How to Prepare for and Mitigate DDoS Attacks

DNS-based DDoS attacks are one of the most common cyber crimes on the Internet. These highly destructive attacks are carefully designed to manipulate and target DNS infrastructure. Unfortunately, it’s all too simple for cyber criminals to generate them, putting all companies at risk. These attacks are not always easy to spot, as they’re generated in a variety of forms, such as Teardrops, Pings of Death and Smurfs. It’s essential for companies of all sizes and cybersecurity professionals to adequately prepare for a DDoS attack, as the consequences can be substantial.

mitigate ddos attack

DDoS 101

A Distributed Denial of Service (DDoS) attack occurs when an online service is forcefully made unavailable by saturating it with traffic from a variety of sources. Attackers are paid to target all different types of online resources, barring access to them. Arbor Networks notes more than 2,000 daily DDoS attacks, totaling one-third of all downtime incidents.

Attackers infect computers by spreading malicious software through emails, social media and websites ? creating networks called “botnets.” These computers can be controlled remotely to launch attacks. Most of the time, the owner of the computer will not even realize it has been infected and is part of a botnet.

Botnets use a variety of methods to drive an immense amount of traffic to the target, effectively shutting it down.  Attacks have been so intense they’ve been known to take down a country’s international cable capacity. Botnets and individual DDoS attacks can be purchased for just $150 on Internet marketplaces by anyone, making all organizations vulnerable.

Preparing and Mitigating DDoS Attacks

Monitoring your DNS infrastructure can help to identify DDoS attacks. First, determine your query load to set a standard baseline, so you’re well aware of what abnormal activity looks like. Then examine your Internet-facing infrastructure to check for any weak spots. Geographical distribution of your external authoritative name servers can help to mitigate attacks by avoiding single points of failure.

Overprovisioning your infrastructure is one of the easiest ways to avoid DDoS attacks. You’ll need to determine your server’s capacity first, so you know exactly how much to overprovision your servers.

Employing Anycast ? or shared IPs ? is another way to combat a DDoS attack, allowing one DNS infrastructure to use multiple name servers from different hosts. Using Anycast, the hosts supporting your name servers runs a dynamic routing protocol to present neighboring routers with a new IP address that your server name listens. The routing process is configured to stop promoting this path if the local name server fails to respond. You can use your own code to glue the routing daemon to the health of your name server or purchase a product that will do it for you.

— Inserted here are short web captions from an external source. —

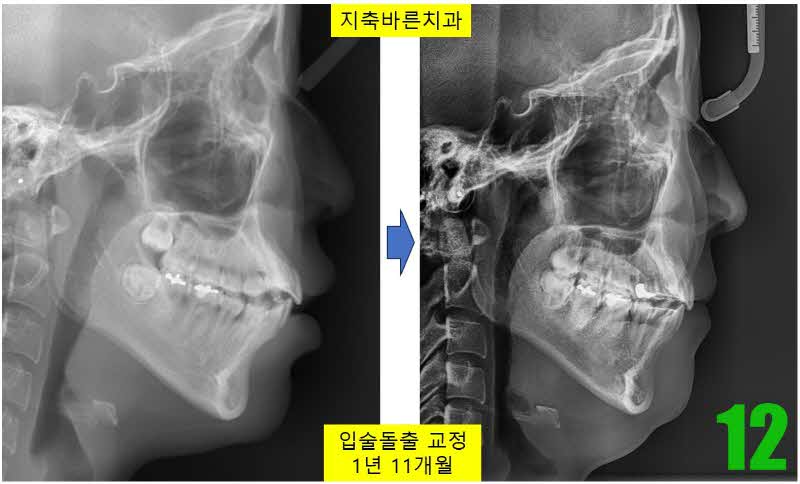 12. 디본딩 ceph_s.jpg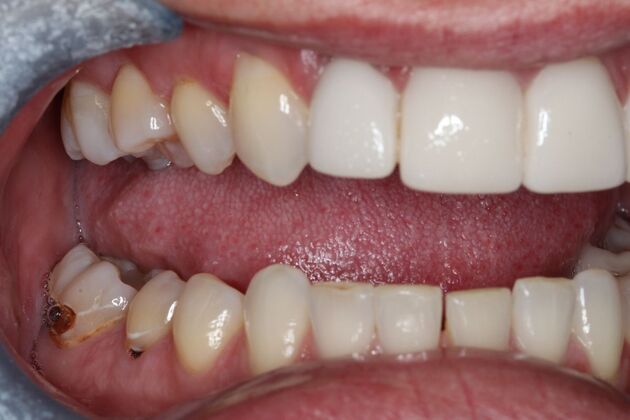 Veneers: Case 29 - Before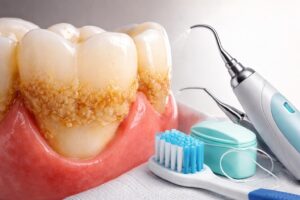 découvrez comment se forme le tartre des dents, ses causes principales et les solutions efficaces pour l'éviter et le traiter afin de préserver votre santé bucco-dentaire.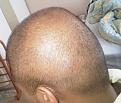 Click image for larger version

Name:	Head - Left 1.jpg
Views:	433
Size:	89.7 KB
ID:	458971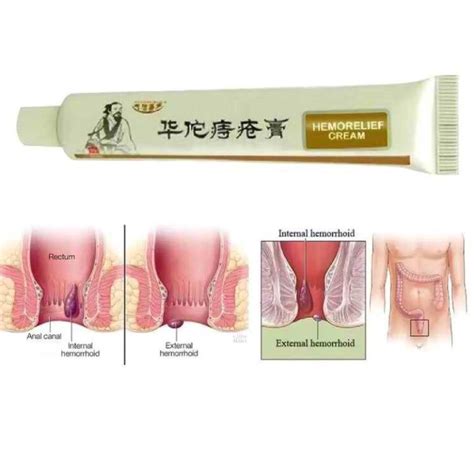 Huatuo Hemorrhoids Cream Lazada Ph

Additionally, you can employ Anycast and wide geographical distribution simultaneously by using a cloud-based DNS provider. Companies like Dyn and Neustar can host your zones and answer queries from your data using one of their Anycast name servers in several data centers worldwide. You’ll maintain control over your zone data by having the provider configure its name servers as secondary servers for your zone, loading data from a master name server and controlling it internally. However, remembering to run the master hidden is essential, as you don’t want to risk being targeted as a single point of failure.

All companies are susceptible to DDoS attacks. Taking measure to protect your organization from the work of a malicious attacker is essential, as anyone can be next. Employing strategies like Anycast is a great way to be ready to combat an attack if you’re targeted, to ensure it won’t take your system down.